“It’s better to give than receive”: As noble an ideal as that is, there’s a limit to giving that too many of us involved in caregiving choose to ignore. Where does it lead us?
Those of us in healthcare and other service fields have been taught that giving is honorable and receiving is selfish. So, we give off our time, our money, our wisdom, our ideas and our love without restriction or any overt expectation of return. It feels so good to give, seeing the smiling and grateful faces of those we serve is the reward in itself.
But what about the other side of that equation? What happens when it’s time to receive? Is receiving as easy and pleasurable as the giving side? Very often the answer is no. We are taught to continually push past our limits, that asking for help is a sign of weakness. When we are given a compliment or accolades for a job well done, our automatic reply is “it was nothing” and deflect the gift.
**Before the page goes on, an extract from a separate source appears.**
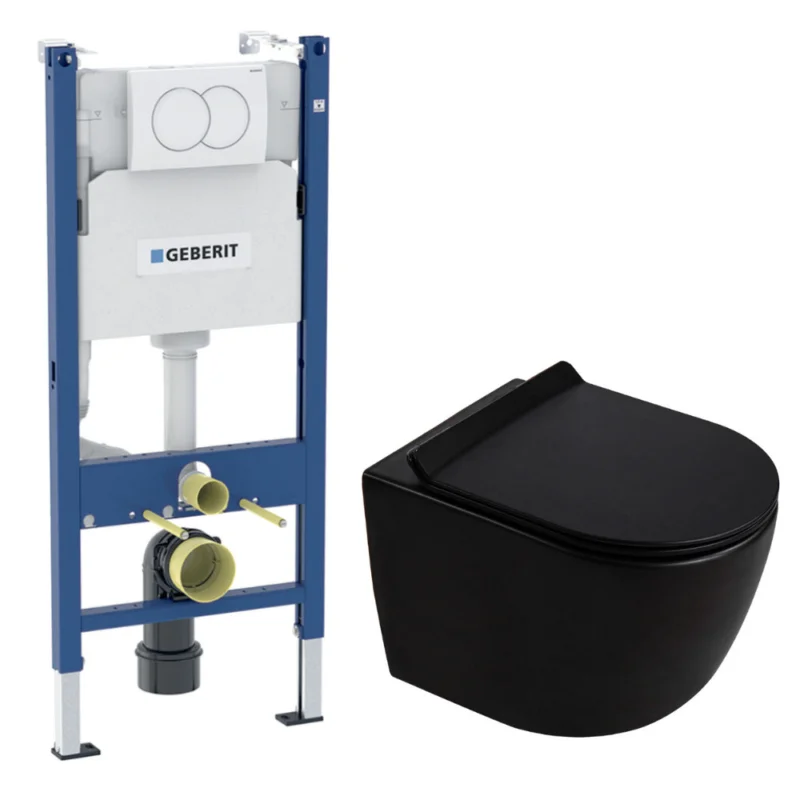 Satisfait Ou Remboursé Duofix Pack WC bâti-support + WC suspendu sans bride Ceramia PixL avec abattant SoftClose + plaque (GEBCEPXBMT02-FR)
We rarely face the fact that when we push away a thank you or compliment or offer of help or love, we are not allowing other person the opportunity to feel the joy of giving. We are marginalizing their genuine effort to do their good deed and feel good when they see us smile. Every time we push our own needs aside, work past the limits of our endurance or keep on giving, we chip away at our own wellness.
It is wonderful to be on the giving side of the flow, but if you are only giving out, your cup becomes empty. My challenge to you is to allow yourself to be the gracious receiver, don’t deflect or turn down offers of help. When you allow yourself to receive, you not only fill up your own reservoir but you can revel in the smiles and good feelings you are giving to the giver.